I'll take your word for it. I was gonna try to use the math, not a spreadsheet, but oh well.

if it takes 25.5 seconds to fall then the driving car will pass the x 9.7 seconds before impact. Hmm

And no diazona, this wasn't a homework assignment. Just physics for fun, ha

12. Jan 11, 2010

danielatha4

So the car falling hit the x 2 seconds before the car driving reached it. That means it took 17.2 seconds.
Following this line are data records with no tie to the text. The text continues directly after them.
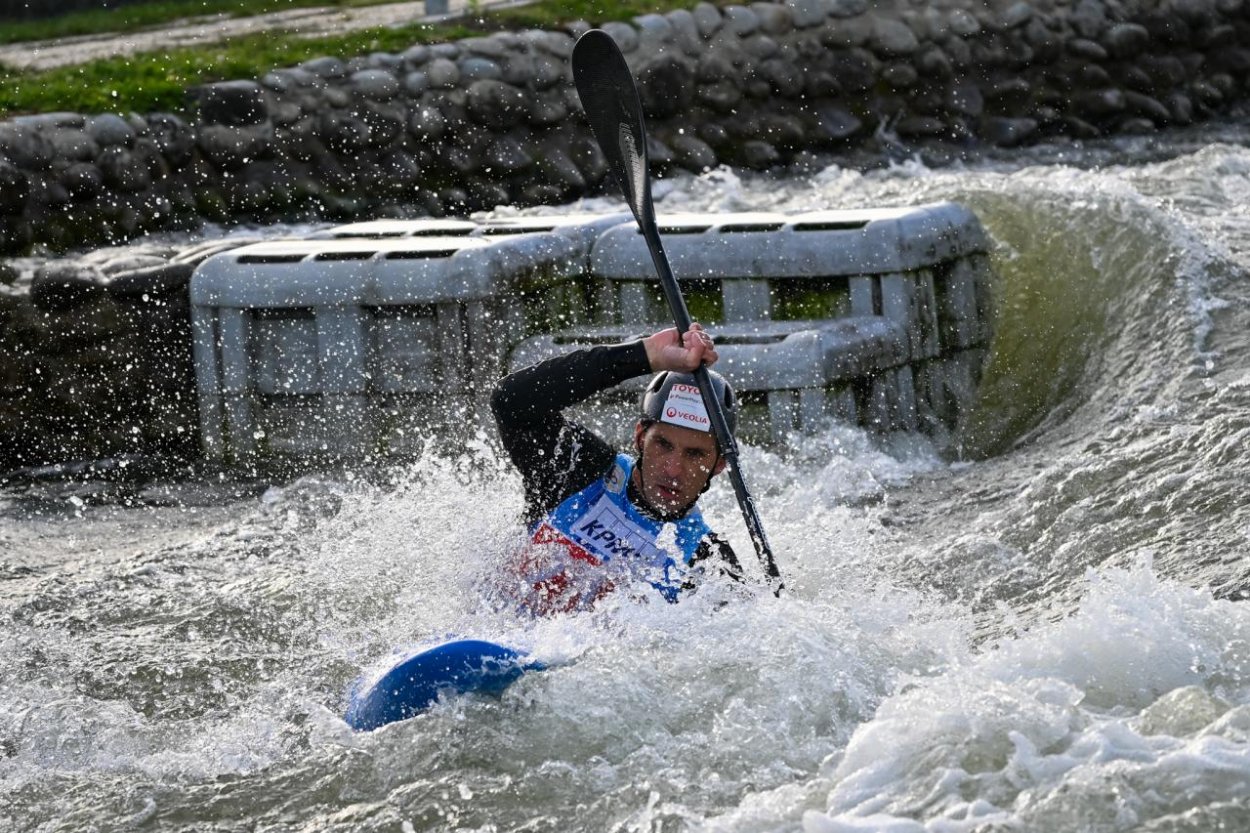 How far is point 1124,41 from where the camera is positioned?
13289 millimetres

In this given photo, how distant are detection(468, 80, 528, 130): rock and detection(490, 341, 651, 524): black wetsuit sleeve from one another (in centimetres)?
707

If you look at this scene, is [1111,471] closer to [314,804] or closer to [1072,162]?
[314,804]

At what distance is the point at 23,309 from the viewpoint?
7.26 meters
How can you calculate 17.2 seconds from the differential equation?

13. Jan 12, 2010

diazona

As long as you're not trying to leech answers off us ...
That's actually an integrable equation,
$$\frac{1}{2}\rho A C_d \dot{y}^2 - mg = m\frac{\mathrm{d}\dot{y}}{\mathrm{d}t}$$

$$\int_0^t\mathrm{d}t = \frac{1}{g}\int_0^t\frac{\mathrm{d}\dot{y}}{\frac{\rho AC_d}{2mg} \dot{y}^2 - 1}$$
You can do the integral on the right using the substitution $u = \dot{y}\sqrt{(\rho A C_d/2mg)}[/tex], getting $$t = \sqrt{\frac{m}{2\rho gAC_d}}[\ln(1 - u) - \ln(1 + u)]_0^t$$ and if you solve that for [itex]\dot{y}$, taking into account that $\dot{y}(0)=0$, you get
$$\dot{y} = -\sqrt{\frac{2mg}{\rho A C_d}}\tanh\biggl(\sqrt{\frac{\rho gAC_d}{2m}}t\biggr)$$
Then you integrate it again to get
$$y = -\frac{2m}{\rho A C_d}\ln\cosh\biggl(\sqrt{\frac{\rho gAC_d}{2m}}t\biggr)$$
Using mgb_phys's values with y=-4000ft, I get 25.6 seconds, same as the spreadsheet analysis. (No surprise there) Though these calculations are never really exact - there are a lot of things that could have been different in the actual experiment, like a higher mass, lower air density, or a lower drag coefficient. Any of those would reduce the fall time.